#### [The task]
In the entries below, begin at the line that has "Gigaset Desk 600" and stop after the line that has "Lead Grey Vasansi Silk Printed Co Ord Set"; output those lines exactly, leaving out pictures.

#### [Dataset]
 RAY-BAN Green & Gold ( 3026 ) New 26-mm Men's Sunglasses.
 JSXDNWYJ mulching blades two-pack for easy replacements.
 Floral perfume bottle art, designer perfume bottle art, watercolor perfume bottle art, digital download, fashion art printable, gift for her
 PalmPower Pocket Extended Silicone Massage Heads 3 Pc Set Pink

--

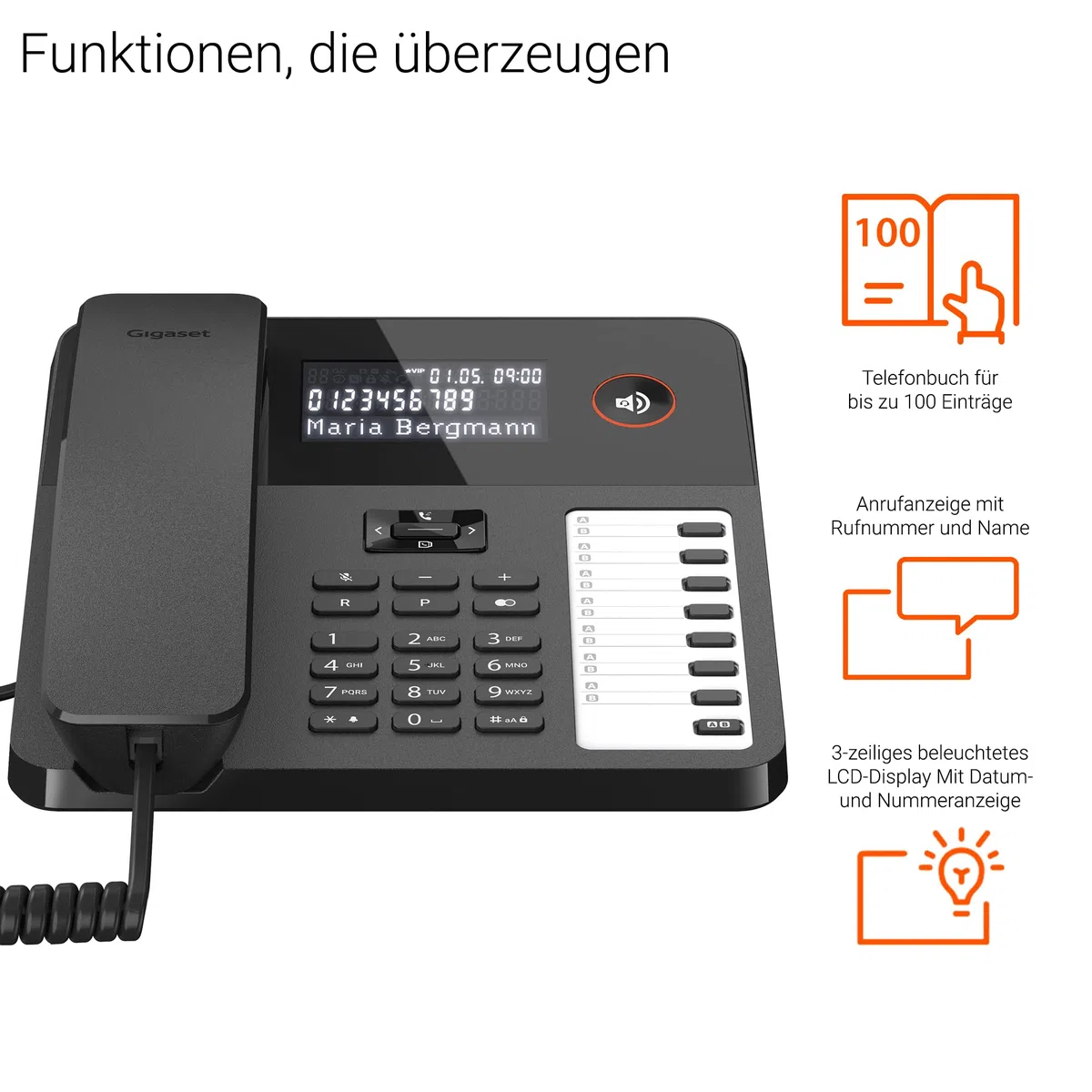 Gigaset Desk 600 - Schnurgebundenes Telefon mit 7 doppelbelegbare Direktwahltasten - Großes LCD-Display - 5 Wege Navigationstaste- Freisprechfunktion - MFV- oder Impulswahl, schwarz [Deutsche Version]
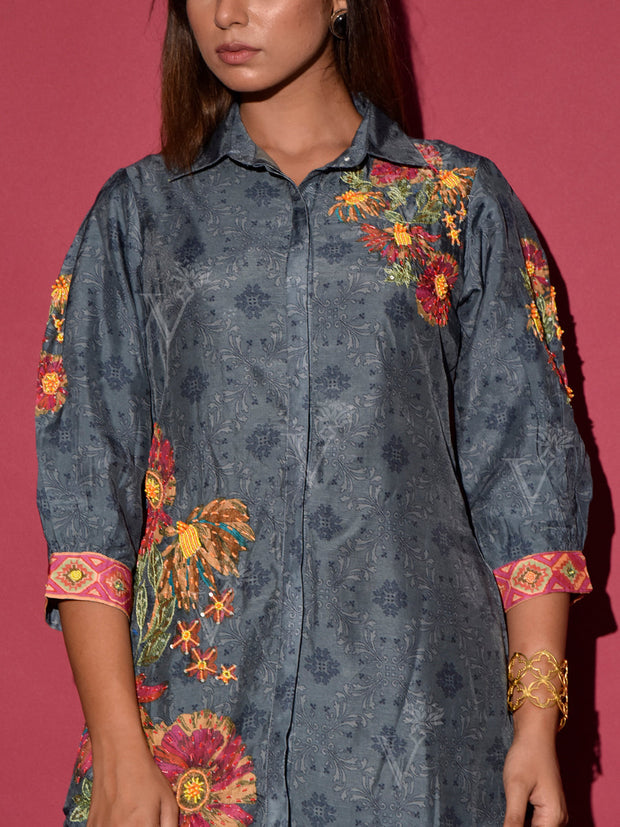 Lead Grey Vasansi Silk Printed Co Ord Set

#### [Final answer]
 Gigaset Desk 600 - Schnurgebundenes Telefon mit 7 doppelbelegbare Direktwahltasten - Großes LCD-Display - 5 Wege Navigationstaste- Freisprechfunktion - MFV- oder Impulswahl, schwarz [Deutsche Version]
 Lead Grey Vasansi Silk Printed Co Ord Set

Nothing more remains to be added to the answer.